Sebelum menggeluti bisnis pengisi perut tersebut, mereka sempat menekuni berbagai bisnis kecil-kecilan, antara lain menjual roti bakar, susu kedelai serta memproduksi kaus partai menjelang Pemilu 1999. Dari bisnis kaus itu, mereka sempat membeli motor. Motor itu kemudian dijual lagi tahun 2001 buat modal membuka warung steak. Hasil jual motor itu, dikatakan Jody, cuma cukup buat membayar kontrakan dan membeli beberapa peralatan warung (10 hotplate, gelas dan selusin piring). Sementara itu, meja yang disiapkan hanya 5 set. “Kami membeli peralatan tambahan setelah usaha berjalan lancar? tutur bungsu dari 8 bersaudara itu jujur. Akibat aktivitas bisnis ini, Aniek terpaksa meninggalkan bangku kuliahnya di Jurusan Komunikasi Universitas Negeri Solo. Jody, sang suami, juga meninggalkan kuliahnya di Jurusan Arsitektur Universitas Atma Jaya, Yogyakarta.

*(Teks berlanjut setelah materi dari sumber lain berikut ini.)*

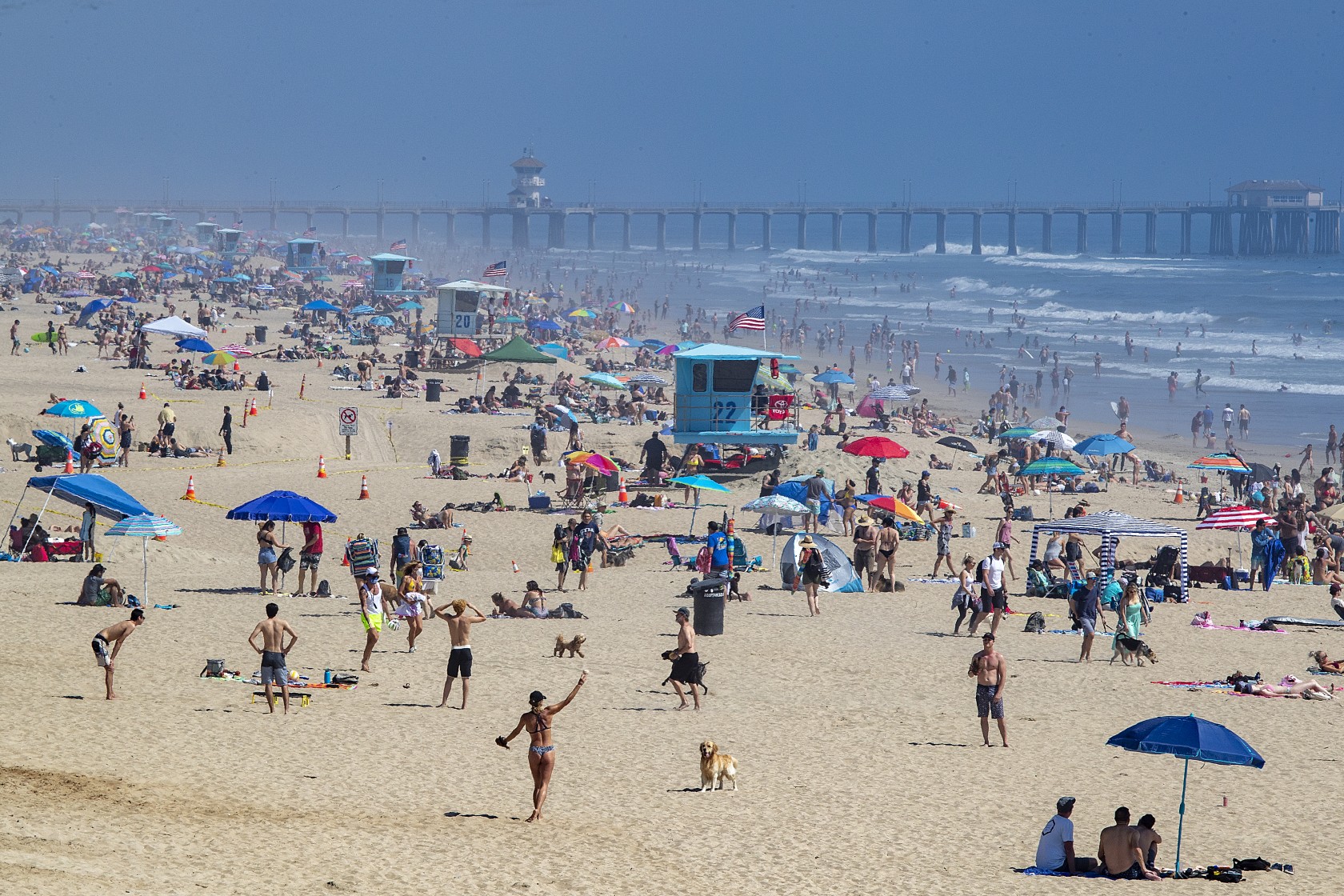 Thousands of beachgoers enjoy a sunny day at Huntington Beach despite the state-mandated stay-at-home order on April 25, 2020. (Allen J. Schaben/Los Angeles Times)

Meski telah menjelma menjadi raja steak, Jody dan Aniek mengaku kesuksesan mereka tidaklah datang begitu saja. Mereka telah menimba ilmu saat ikut aktif mengelola warung steak milik orang tua Jody: Obong Steak. Rumah makan steak ini memang sudah lama hadir di Yogya dan membidik konsumen kelas menengah atas. Dari situ, mereka kemudian melihat peluang bisnis steak di kelas menengah bawah. Mereka adalah orang-orang yang selama ini ingin menikmati steak, tapi terhalang karena urusan ketebalan kantong. “Saya sering prihatin melihat banyak orang urung masuk ke Obong Steak, karena harganya tak terjangkau saku mereka? kata Aniek datar.